▶ **About this exercise**: Could you write out the records below exactly as they appear, leaving out any pictures?

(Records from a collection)
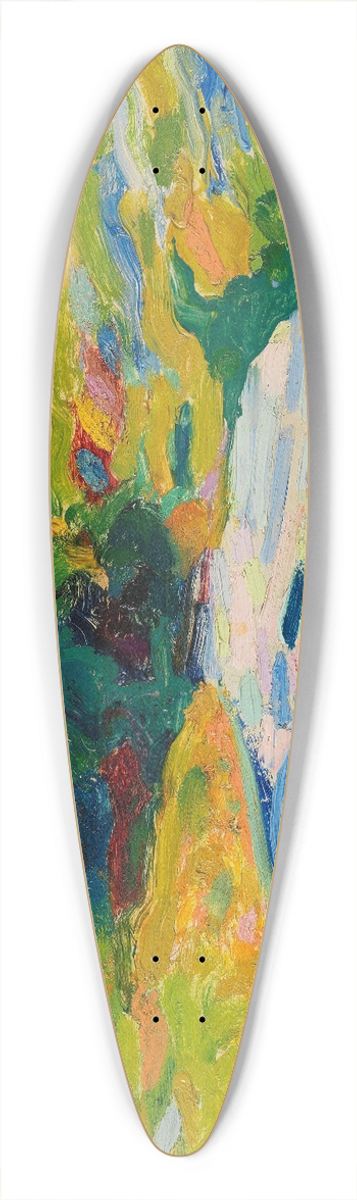 Curt Herrmann - Landschaft mit Flusslauf 39.3 inch art pintail longboard deck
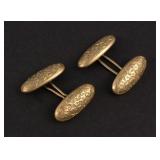 Antique 9K 375 Yellow Gold Cufflinks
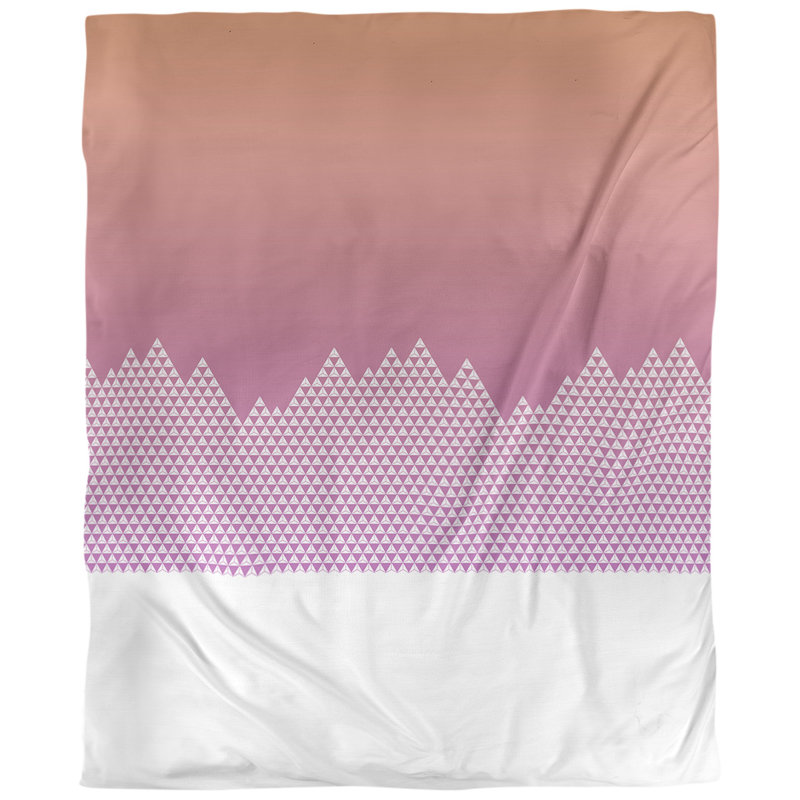 Tissu mountain, Orange / mauve, L 58 po x l 36 po, Sergé de coton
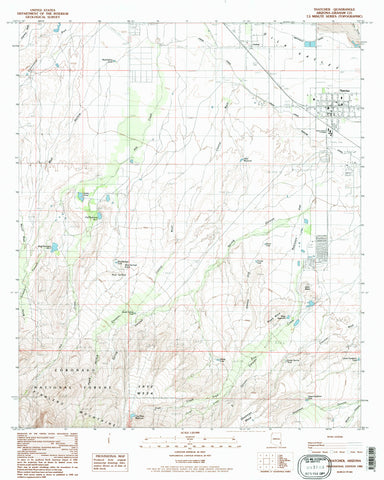 THATCHER 7.5' [Map] United States Geological Survey - Wide World Maps & MORE!
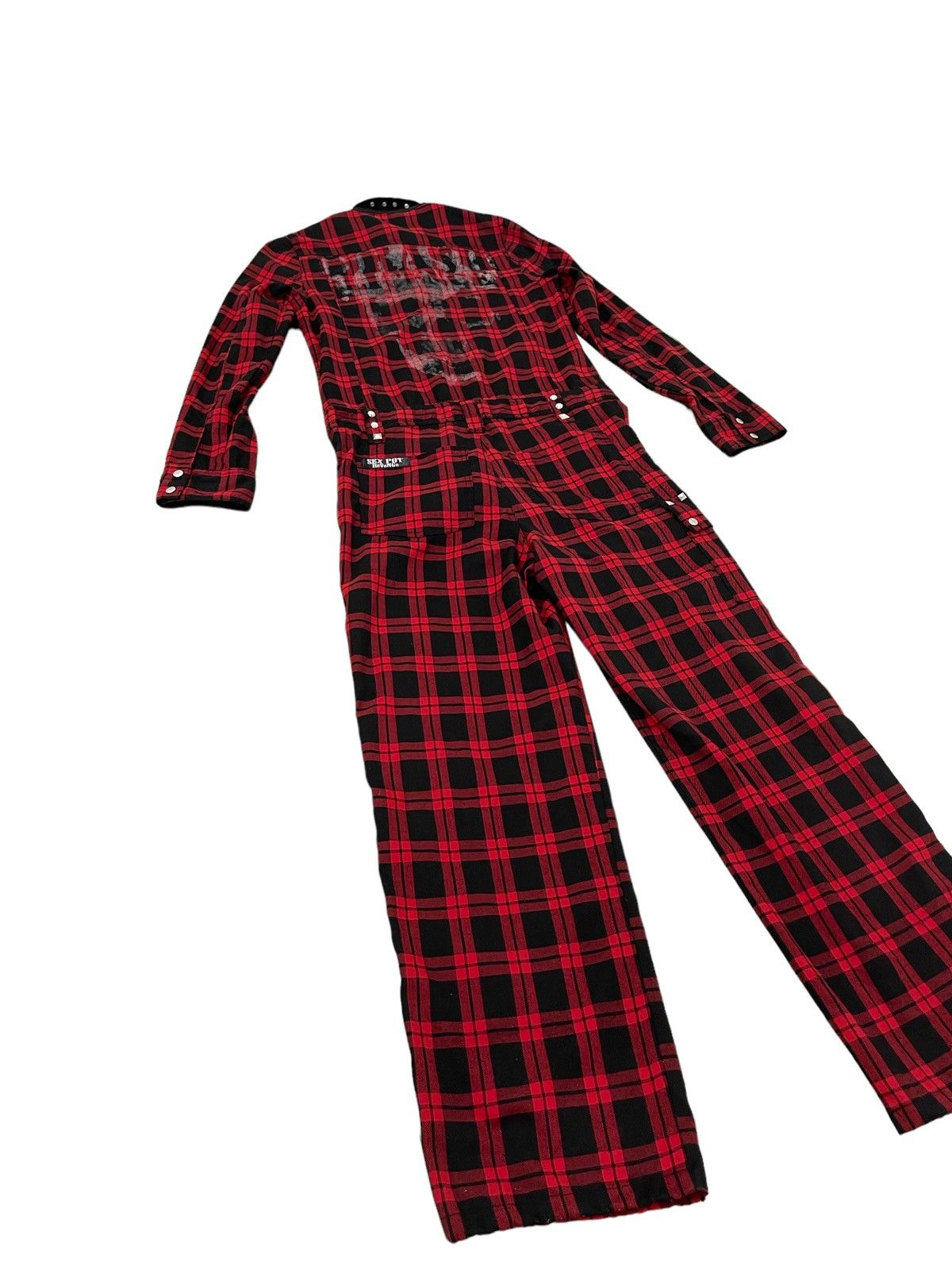 Japanese Brand Punk Jumpsuit Sex Pot Revenge Tartan Skulls 4🟩2 Size US S / EU 44-46 / 1 - 14 Thumbnail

▶ **Solution**:
 Curt Herrmann - Landschaft mit Flusslauf 39.3 inch art pintail longboard deck
 Antique 9K 375 Yellow Gold Cufflinks
 Tissu mountain, Orange / mauve, L 58 po x l 36 po, Sergé de coton
 THATCHER 7.5' [Map] United States Geological Survey - Wide World Maps & MORE!
 Japanese Brand Punk Jumpsuit Sex Pot Revenge Tartan Skulls 4🟩2 Size US S / EU 44-46 / 1 - 14 Thumbnail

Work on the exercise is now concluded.